То же продолжалось в 1790 году, когда молодой студент, осваивавший науку государственного управления, перевелся на учебу в университет Майнца. Там он слушал лекции по истории Германской империи Николаса Фогта и подружился с этим видным ученым на всю жизнь. Философия Фогта не была столь механистична, как у Коха. Она уделяла больше внимания исторической эволюции правовых институтов и их органической связи с иерархией социальных отношений, начиная с семьи, переходя затем – через епархии, поместья и королевства – к Европейской республике. Тем не менее равновесие и здесь сохраняло всеобъемлющее значение. Однако для Фогта баланс сил был не просто проблемой отношений между суверенными государственными образованиями, как у Коха, но воодушевляющим принципом всех человеческих отношений, всего общества и даже всей Вселенной. Для Фогта это было выражением божественной воли. Там, где доктрина Коха стремилась применительно к Священной Римской империи оправдать абсолютизм и амбиции крупных феодалов, философия Фогта утверждала органичную гармонию целого и важность всех входящих в него институтов, больших и малых, светских и религиозных.

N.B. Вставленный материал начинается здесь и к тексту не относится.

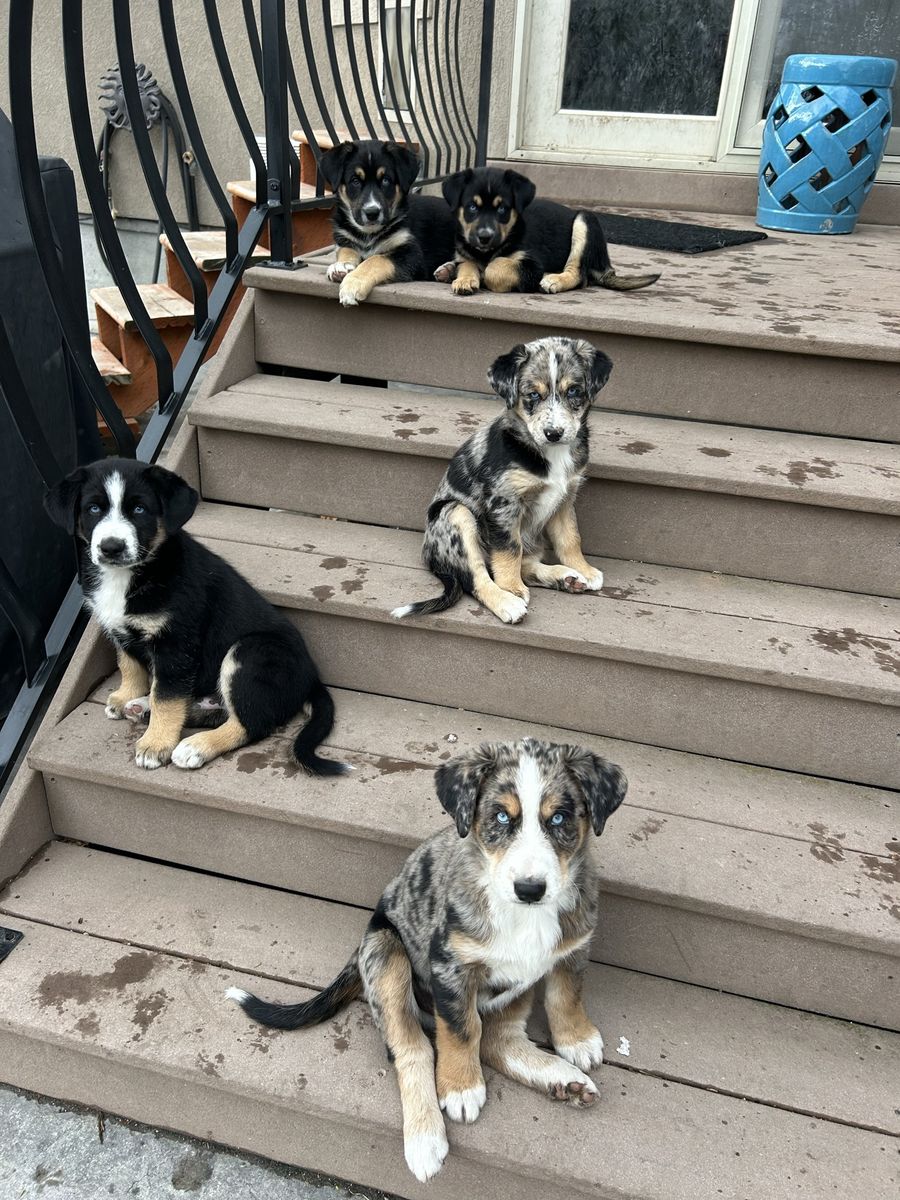 Aussie-Huskies - Only 2 Puppies Left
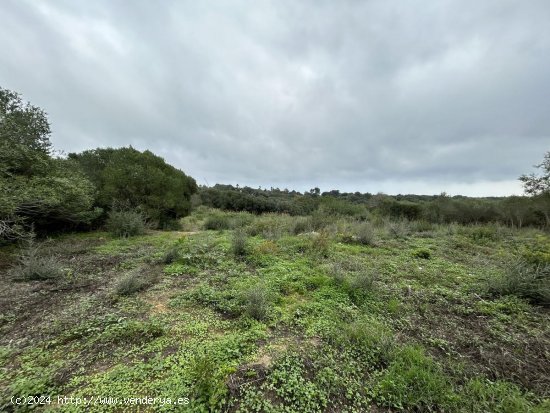  Parcela en venta en San Roque (Cádiz) 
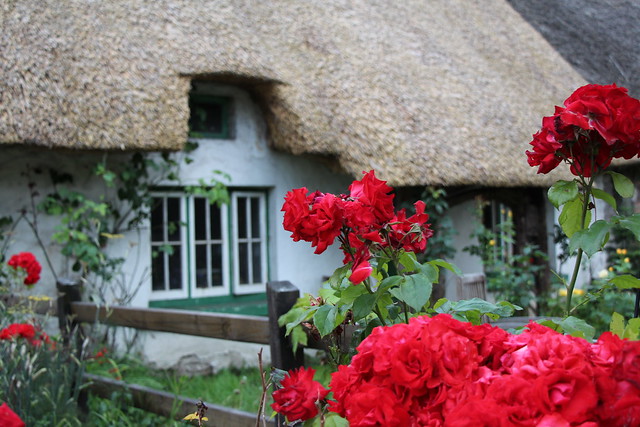 Thatched cottage in Adare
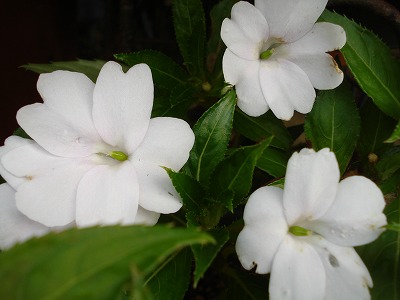 b0086362_0101787.jpg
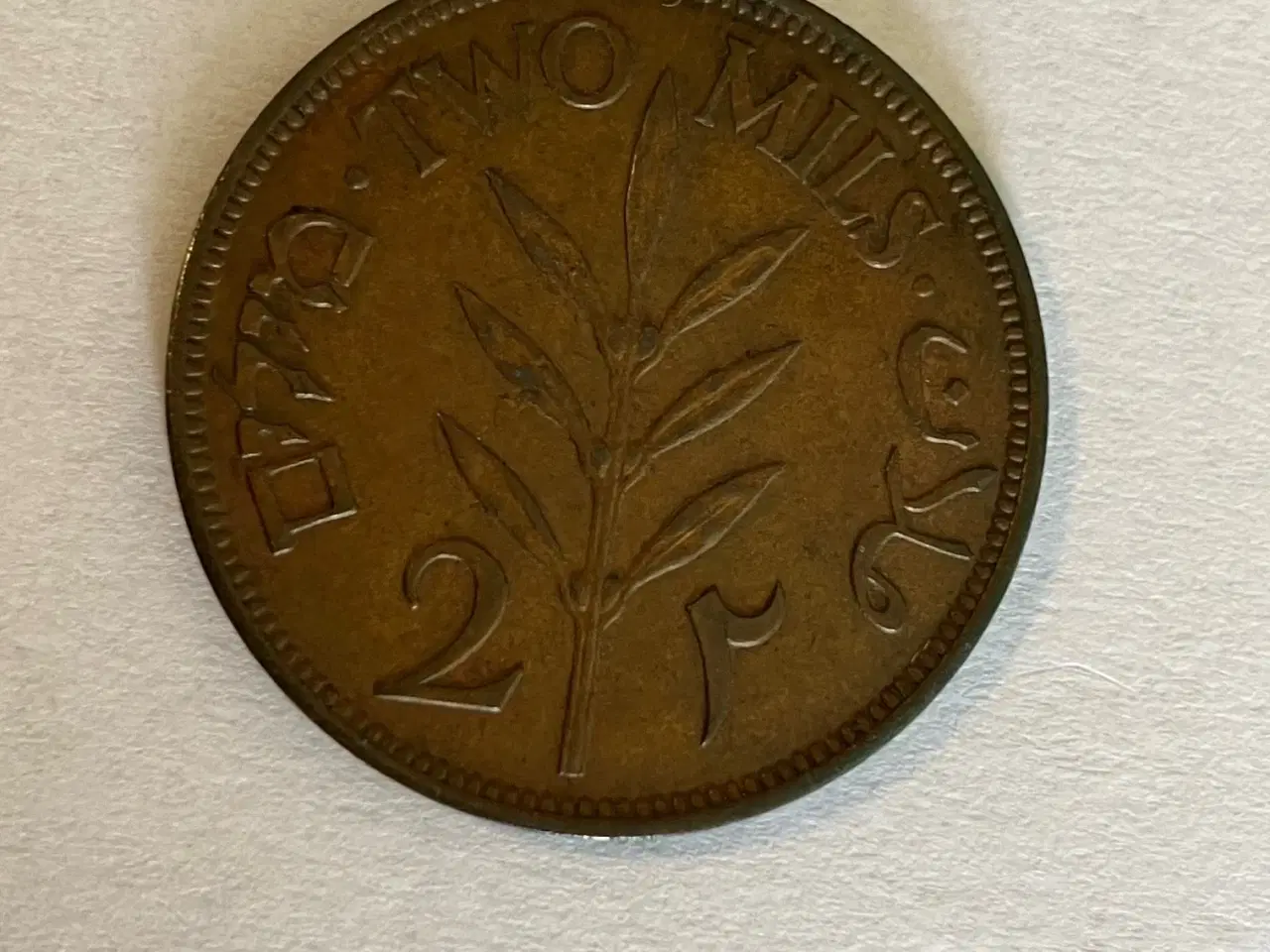 Billede 2 - 2 Mils Palestine 1942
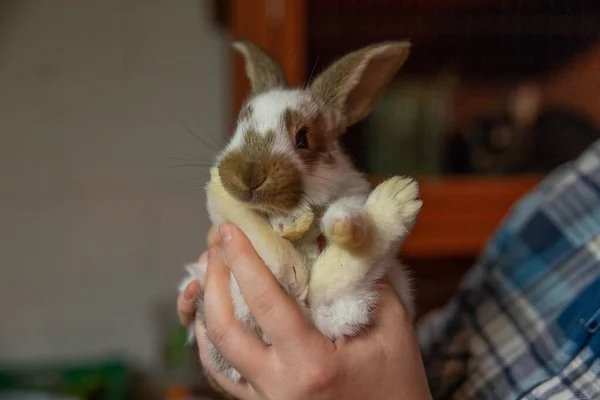 Niedliches Kleines Kaninchen Käfig — Stockfoto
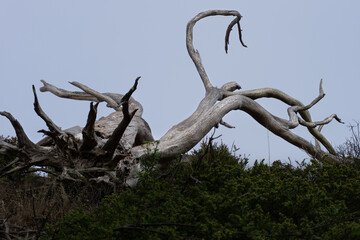 dead tree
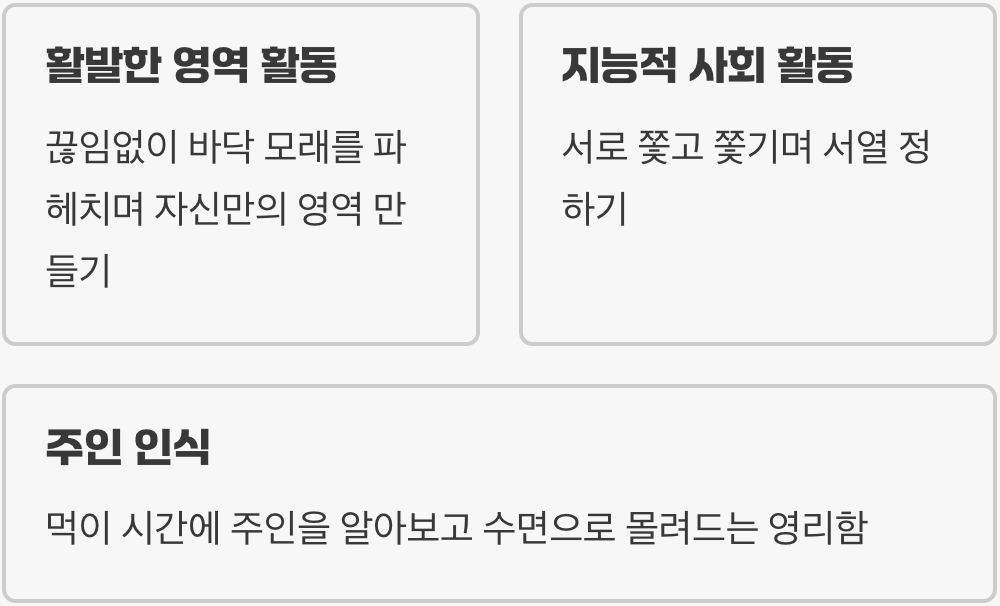 지루할 틈 없는 물속의 작은 폭군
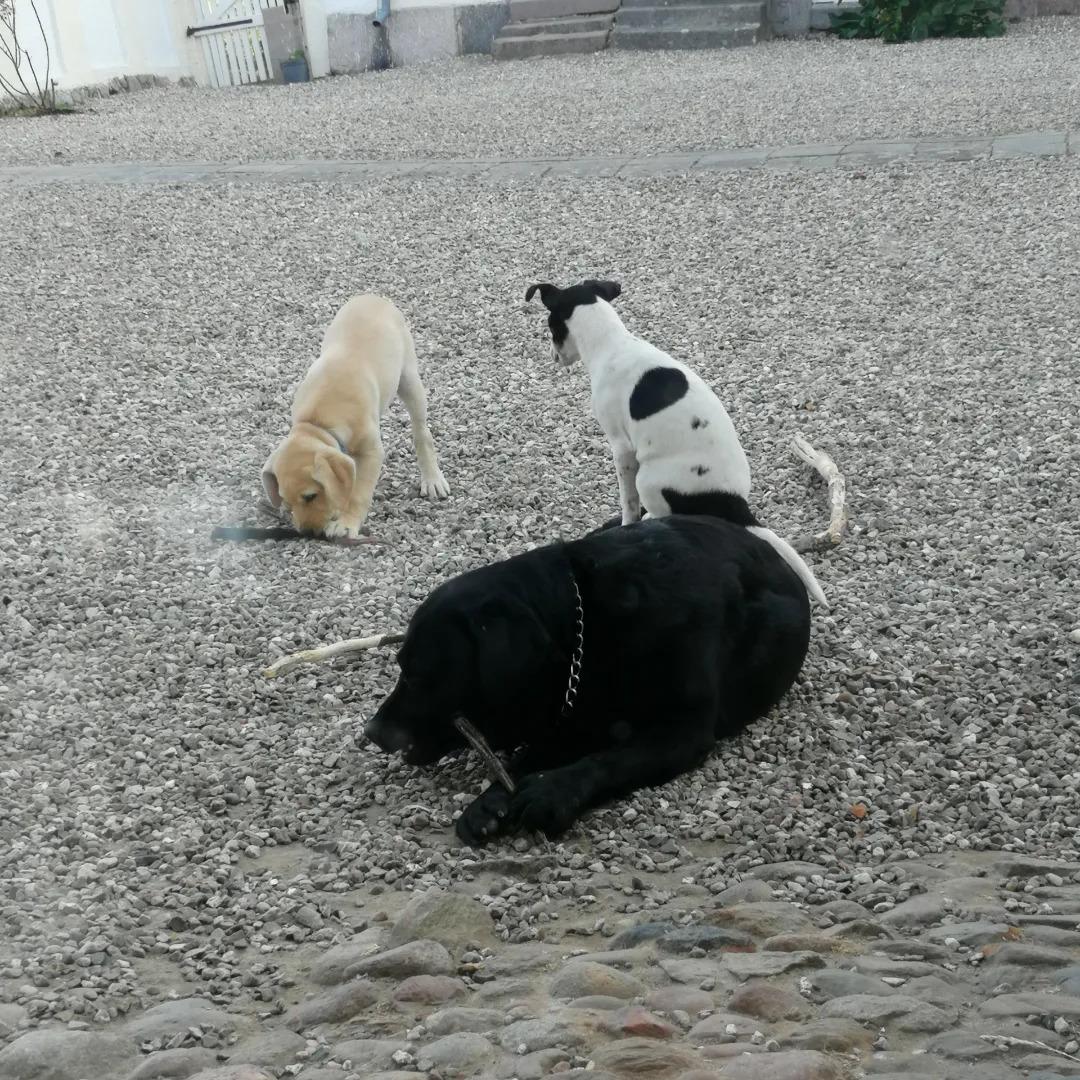 Labrador retriever Gule billede 14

Таким образом, в университете Майнца Меттерних нашел философию, которая соответствовала не только существовавшим стандартам интеллектуального достоинства, но также традициям и жизненным интересам его семьи. Неудивительно, что он не уставал почитать Фогта и после смерти ученого, похоронив его останки в поместье Меттернихов в Йоханнисберге. Однако, хотя Меттерних и признавал Фогта своим учителем больше, чем Коха, последнего все равно нельзя было сбрасывать со счета. Потому что – даже если в студенческие годы Меттерних этого и не предвидел – оба профессора теоретически сформулировали главную проблему его будущей политики в отношении Германии: должна ли эта страна в эпоху после Наполеона воссоздаваться в виде иерархий имперских владений или как лига суверенных государств.
Между тем Французская революция преподала в сфере искусства управления государством уроки, с которыми по накалу эмоций не могли сравниться никакие академические лекции. Молодому Клеменсу революция доставила и сугубо личные переживания. Всего лишь через неделю после падения Бастилии он увидел, как разъяренная толпа штурмовала здание городского собрания в Страсбурге, грабила знаменитый винный погреб города и устраивала пьяные оргии и бесчинства, положить конец которым смог лишь полк охраны князя Макса. Позже, к досаде молодого человека, он узнал, что его старый учитель Симон стал редактором революционного еженедельника в городе и местным переводчиком Декларации прав человека. Далее, как представлялось испуганному, но завороженному студенту, революция с самого начала была обагрена кровью и созидание в ней сводилось на нет разрушением.
Несмотря на отвращение, которое, возможно, Меттерних питал к июльским актам насилия, он продолжал учебу и провел в Страсбурге еще один год. Лето 1790 года застало его уже во Франкфурте на коронации Леопольда II, которая значила больше, чем простой ритуал. Она выглядела как освящение прошлого. Затем последовали два года жизни в Майнце, а в июле Меттерних был снова во Франкфурте на коронации Франциска II. Если предыдущая коронация продемонстрировала цепкость прошлого, то вторая была призвана отметить его полный триумф. В это же самое время у Кобленца сосредоточивалась прусская армия под командованием герцога Брунсвика и готовилась начать наступление, с которым были связаны большие надежды на разгром революции, причем не только надежды самих немецких князей, но в особенности многих французских эмигрантов, прибывших на коронацию. После коронации Меттерних в состоянии благодушия присоединился к массам дворян, возвращавшихся в Кобленц в ожидании вестей о победе.